Bottle opener? Why yes, thank you.

Negatives

No clear mounting place for an accessory number plate.

The HoldUp 2 has been one of Yakima most successful products, selling as soon as it lands on the docks. Lucky for us, the crew at Yakima Australia were able to track down a HoldUp 2 in October last year, and the rack has never left the back of the car since.

With the bar set extremely high for Yakima products after our experiences with the Front Loader roof-mounted bike carrier, we were expecting the HoldUp 2 to carry the frothing Yakima torch forward.

The HoldUp 2, holding up two bikes.

The HoldUp 2, holding up two bikes.

One of the features that we liked about the Front Loader was how it doesn’t clamp onto the bike’s frame, meaning there’s no risk of scuffing your frame finish and that the rack will work with absolutely any frame design. Yakima has kept this approach with the HoldUp; a flip up arm with a ratcheting clamp secures your front wheel into robust cradle, then a simple strap restrains the rear wheel into a smaller, pivoting mount.

No frame clamping here.

No frame clamping here.

The wheel cradles are a solid piece of engineering and are deep enough to almost cup your wheel through its radius. This system is able to accommodate 14-29” wheel sizes, and if it really necessary, up to a 48” wheel (for those of us with novelty bikes).

To help avoid clashes between bars/frames etc, the actual cross pieces to which each cradle is mounted can be shifted laterally, so there’s never a need to remove a seat post or turn the bars.

A simple ratchet strap secures the rear wheel. The rear wheel cradle tilts to accommodate different wheelbase lengths.

A simple ratchet strap secures the rear wheel. The rear wheel cradle tilts to accommodate different wheelbase lengths.

The HoldUp 2 utilises a hitch tow bar receiver, so there’s no doubting it can take the weight. Additionally it ensures that there is no vertical or horizontal movement of the carrier (make sure you tighten the stabilising bolt on the bottom of your hitch to stop any vertical movement). Additionally, the hitch system allows the Holdup 2 to be secured to your vehicle via a nifty locking bolt that is supplied with the rack.

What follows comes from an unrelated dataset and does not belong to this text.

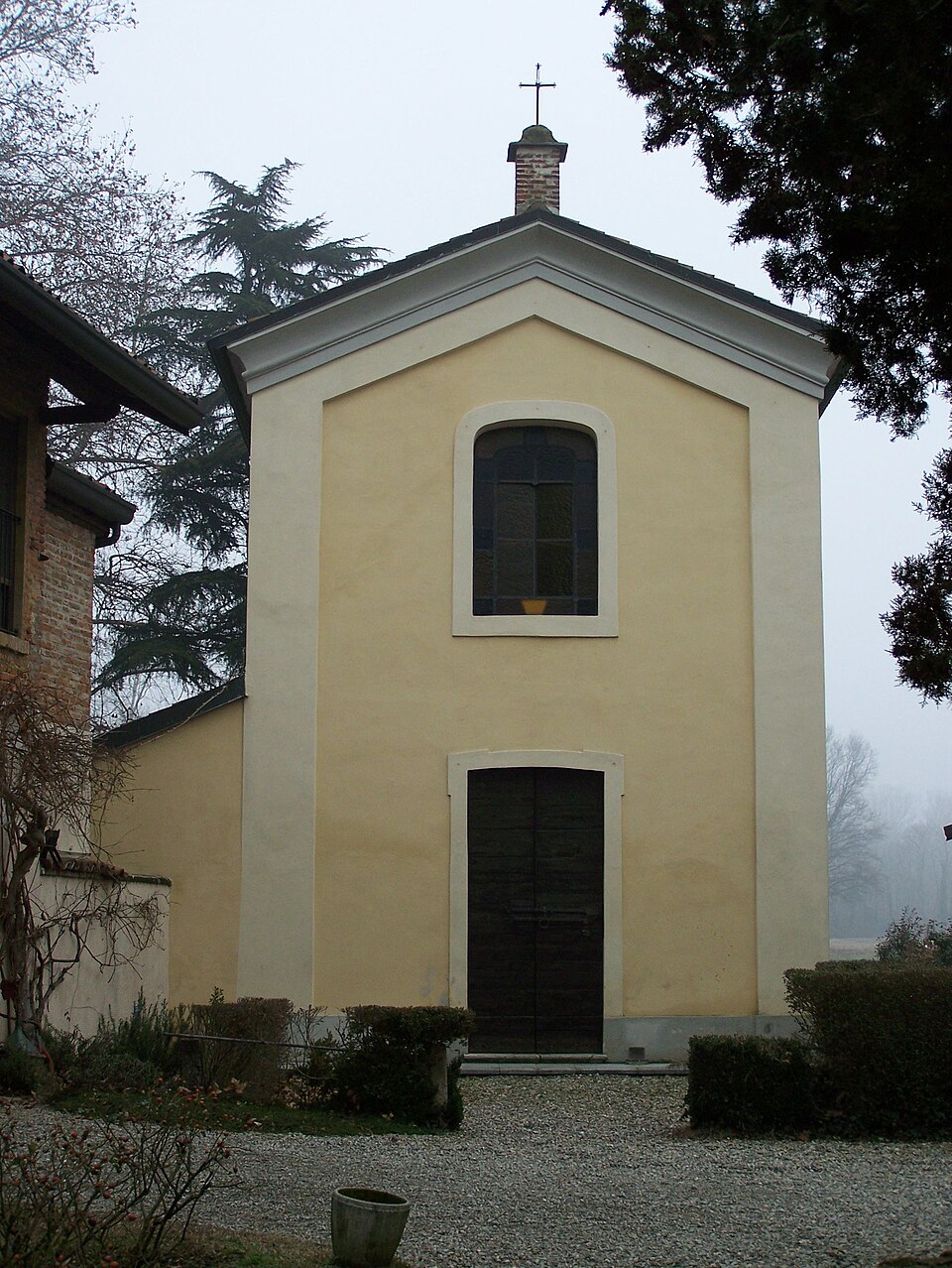 chiesa di Santa Teresa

For a bike rack that can accommodate two bikes the HoldUp 2 is surprisingly compact. The clamp arms fold flat, and the whole rack folds up vertically too, so you can drive around with the rack mounted and not have worry about knee-capping pedestrians or denting the boss’s Porsche Cayenne.

Yakima HoldUp2 rack-9

Stashed away neatly, for all your reverse parking convenience.

When you do have bikes on the rack, the entire assembly can be tilted down, away from the car too. This means you can still get to your boot, even with two bikes loaded up. The system is strong enough to tilt like this even when loaded up with burly downhill rigs.

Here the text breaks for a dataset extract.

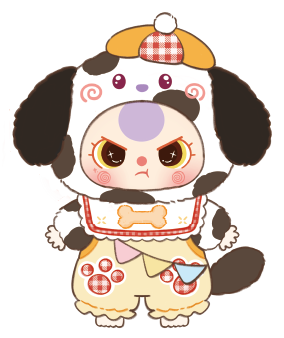 Baby Three 400% Big Plush Animal Series Lucky Bag V2 Lucky Bag(Babythree Official)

The whole rack tilts down to allow you access to the boot.

The whole rack tilts down to allow you access to the boot.

We’re happy to say that the HoldUp 2 is definitely a contender for the best bike rack on the market. Its ability to carry any bike regardless of wheel size or frame configuration, the simplicity of the clamping mechanism, the way it folds away so neatly and how it lets you to access the boot even when fully loaded, all make this a fantastic rack.